Once prior mismatches are considered, overmatched enrollment—the quintessential indicator used in the “mismatch hypothesis” and one focus of the scholarly and legal debate on affirmative action in higher education—has no dire consequences on student outcomes: Overmatched students, the ones mentioned by Justice Thomas, and their matched counterparts are equally likely to graduate (61 percent for both groups). In contrast, undermatched students, who are substantially above their class average, are less likely to graduate than their matched counterparts (55 percent vs. 6 percent, respectively). These findings are consistent with prior studies and highlight the importance of a challenging and stimulating social and academic environment to promote the retention of high achievers (Hoxby and Turner 2013; Kang and García Torres 2019). They also reveal that match states in application and admission are more consequential for graduation than mismatched enrollment; the latter is important mainly for undermatched students. 24
Together, the results shown in Table 5 and Figure 1 support the second tenet of the longitudinal framework: All stage-specific mismatches along the college pipeline are uniquely consequential for students’ graduation, given the entire pathway. They also reveal a critical point: Cross-sectional (single-stage) models yield biased estimates of stage-specific match-graduation associations.

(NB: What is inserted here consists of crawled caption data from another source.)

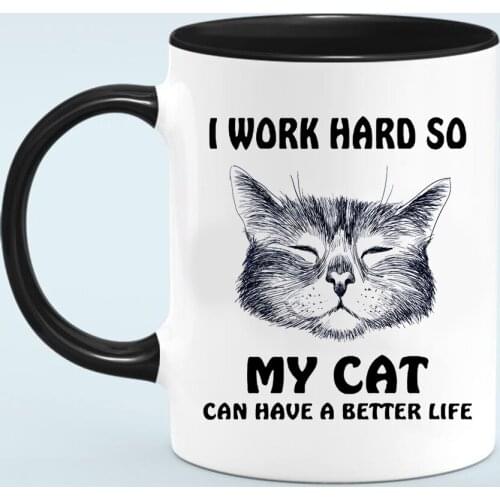 Funny cat lover mug i work hard so my cat have a better life Coffee Mug 350ml Ceramic Tea Milk Travel Cup Christmas Gift Mug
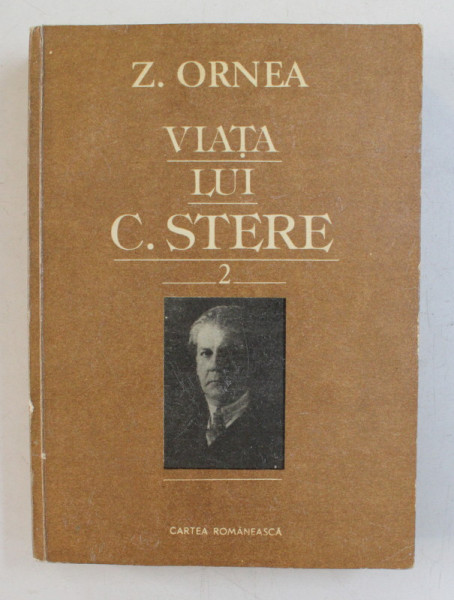 VIATA LUI CONSTANTIN STERE , VOLUMUL II de Z. ORNEA , 1991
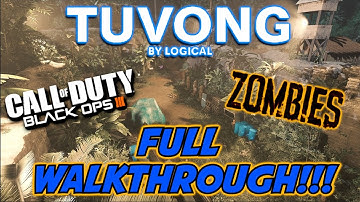 TUVONG - FULL WALKTHROUGH!!! | Zombies Custom Map (Black ops III)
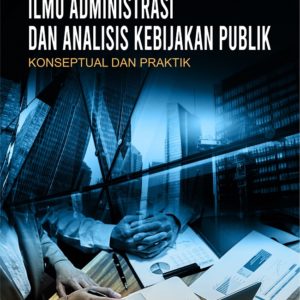 Buku Ilmu Administrasi dan Analisis Kebijakan Publik Konseptual dan Praktik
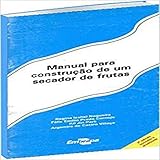  Manual Para Construção de um Secador de Frutas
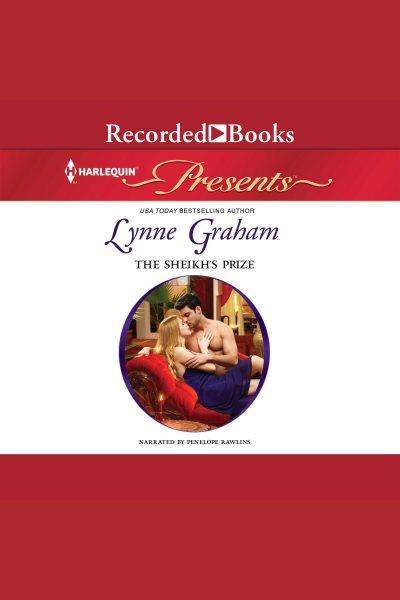 The sheikh's prize [electronic resource] : Bride for a billionaire series, book 2. Lynne Graham.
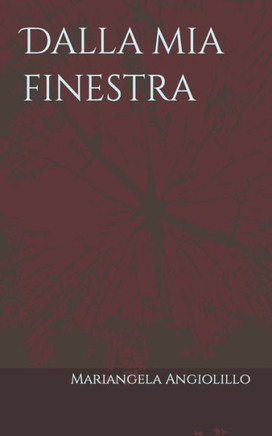 Dalla mia finestra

The Match Pathway and Graduation Likelihood
The third and fourth tenets posit that the match pathway has a distinct effect on graduation and that the effect of stage-specific matches on graduation is path-dependent, so it may vary when nested in different configurations. The value of the longitudinal perspective is clear in Figure 2. The figure plots the adjusted graduation probabilities of each unique pathway for the 12 most prevalent configurations outlined in Table 3. These predicted probabilities come from a model accounting for students’ specific match pathway configurations and are adjusted to the characteristics of the average student in our population. Thus, differences in the predicted graduation probabilities are driven by the mismatch pathway rather than by students’ academic and sociodemographic profiles. Pathways are ordered by their expected graduation probabilities, and the configuration numbers from Table 3 are retained for consistency.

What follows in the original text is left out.